Article is AI-generated for the purpose of filling in entries. Its not paraphrased or polishing my own writing. This project, per se, is just a demonstration.
A new scientific analysis released in late 2025 suggests that the global environmental impact of artificial intelligence (AI) systems is far larger than many people realize. According to the study, the total carbon emissions associated with powering and cooling AI systems in 2025 could be on par with the yearly emissions of a major city — specifically comparable to New York City. At the same time, AI’s water usage may rival the entire world’s annual consumption of bottled water. :contentReference[oaicite:1]{index=1}
Carbon Footprint: As Big as a City
The researchers estimated that the carbon dioxide emissions from AI computing — mostly from data centers and the electricity needed to power them — could reach tens of millions of tonnes in 2025. Emissions at that scale have been compared with the annual carbon footprint of New York City, a metropolis of over 8 million people. :contentReference[oaicite:2]{index=2}
Water Footprint: Thirsty Machines
AI systems require a lot of water, especially for keeping servers cool in data centers. In hot, high‑performance facilities, water is used to regulate temperature and prevent overheating.
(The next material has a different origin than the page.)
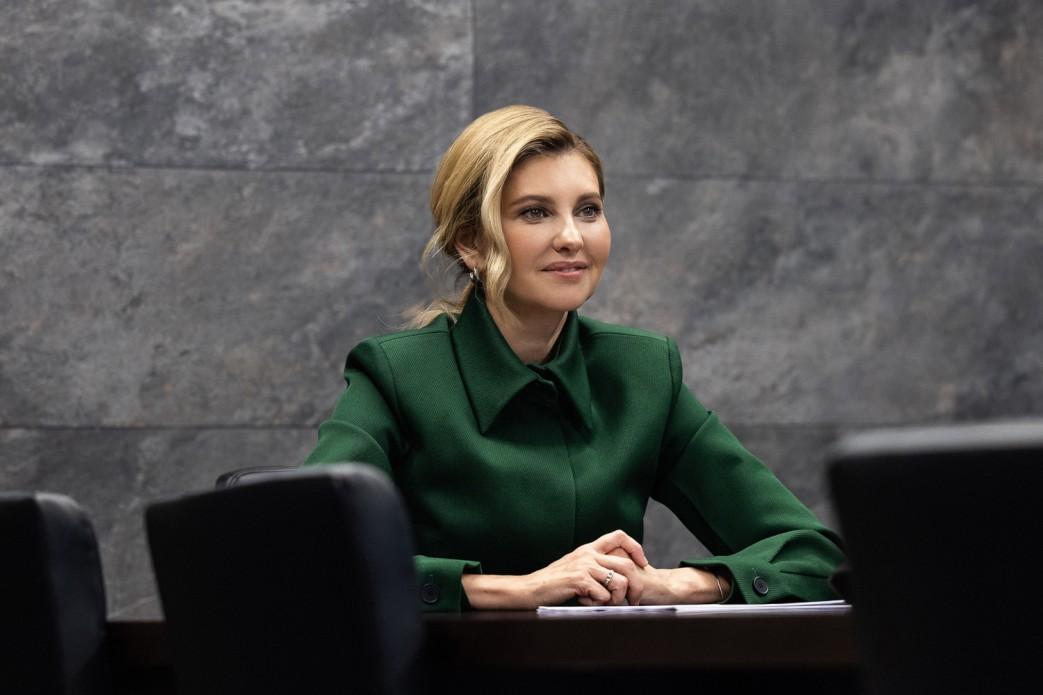 Olena Zelenska holds more video conversations with wives of heads of state and government participated in second Summit of First Ladies and Gentlemen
The study suggests that the total annual water usage of AI in 2025 could be in the same ballpark as the global bottled water market’s annual consumption — hundreds of billions of liters of water. :contentReference[oaicite:3]{index=3}
Why This Matters
This research highlights a growing challenge: while AI technologies — including large language models and generative systems — are becoming increasingly useful in everyday life, they also rely on massive computing infrastructure that consumes energy and water at scale. As demand for AI services rises, so too do the environmental costs. :contentReference[oaicite:4]{index=4}
Caveats: It’s Still Hard to Measure Precisely
Experts note that measuring the exact environmental footprint of AI is difficult. Tech companies don’t always separate AI‑specific usage from other computing in their environmental reports, and data centers often power many different tasks at once. As a result, researchers must estimate AI’s impact indirectly, which means the numbers are approximate — but they still provide a useful sense of scale. :contentReference[oaicite:5]{index=5}
What This Means Going Forward
The findings have sparked discussion about the sustainability of AI development. Some scientists and policy experts are calling for greater transparency from tech companies about energy and water use, as well as more investment in greener data center technologies, renewable energy sources, and cooling systems that consume less water. :contentReference[oaicite:6]{index=6}
Ultimately, understanding the full ecological cost of AI could help guide smarter decisions about how these powerful technologies are designed, powered, and regulated — balancing innovation with environmental responsibility.